+++ EXTRACTED ENTRIES +++

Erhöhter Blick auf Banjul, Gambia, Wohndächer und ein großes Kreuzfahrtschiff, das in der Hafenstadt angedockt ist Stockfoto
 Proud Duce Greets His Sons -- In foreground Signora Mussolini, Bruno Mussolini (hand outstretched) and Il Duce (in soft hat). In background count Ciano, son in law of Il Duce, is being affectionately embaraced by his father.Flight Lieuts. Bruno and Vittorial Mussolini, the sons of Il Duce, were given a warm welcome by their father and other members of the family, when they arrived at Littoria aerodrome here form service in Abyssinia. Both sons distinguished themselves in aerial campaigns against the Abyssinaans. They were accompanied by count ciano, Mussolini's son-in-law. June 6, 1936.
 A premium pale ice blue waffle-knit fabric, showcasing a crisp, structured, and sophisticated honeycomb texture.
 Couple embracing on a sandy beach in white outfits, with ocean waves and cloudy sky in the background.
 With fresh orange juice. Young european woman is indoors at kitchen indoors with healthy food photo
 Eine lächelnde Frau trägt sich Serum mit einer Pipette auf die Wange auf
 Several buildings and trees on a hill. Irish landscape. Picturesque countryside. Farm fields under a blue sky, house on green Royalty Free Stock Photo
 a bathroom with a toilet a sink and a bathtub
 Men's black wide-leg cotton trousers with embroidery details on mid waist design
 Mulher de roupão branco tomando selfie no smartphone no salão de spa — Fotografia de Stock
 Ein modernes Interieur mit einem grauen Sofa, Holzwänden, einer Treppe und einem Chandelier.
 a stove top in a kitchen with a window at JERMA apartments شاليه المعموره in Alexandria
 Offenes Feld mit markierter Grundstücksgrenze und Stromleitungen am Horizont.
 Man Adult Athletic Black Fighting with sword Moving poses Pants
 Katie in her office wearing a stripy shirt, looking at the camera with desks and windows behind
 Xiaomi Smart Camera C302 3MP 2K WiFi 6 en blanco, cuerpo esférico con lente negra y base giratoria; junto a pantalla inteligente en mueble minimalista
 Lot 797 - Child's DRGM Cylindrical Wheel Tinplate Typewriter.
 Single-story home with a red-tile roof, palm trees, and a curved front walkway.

+++

# [TASK BRIEF]
Look above for the line with "Eine lächelnde Frau"; retype exactly that line, every line after it up to the line with "Ein modernes Interieur", and that line too, nothing else.

# [TASK RESPONSE]
 Eine lächelnde Frau trägt sich Serum mit einer Pipette auf die Wange auf
 Several buildings and trees on a hill. Irish landscape. Picturesque countryside. Farm fields under a blue sky, house on green Royalty Free Stock Photo
 a bathroom with a toilet a sink and a bathtub
 Men's black wide-leg cotton trousers with embroidery details on mid waist design
 Mulher de roupão branco tomando selfie no smartphone no salão de spa — Fotografia de Stock
 Ein modernes Interieur mit einem grauen Sofa, Holzwänden, einer Treppe und einem Chandelier.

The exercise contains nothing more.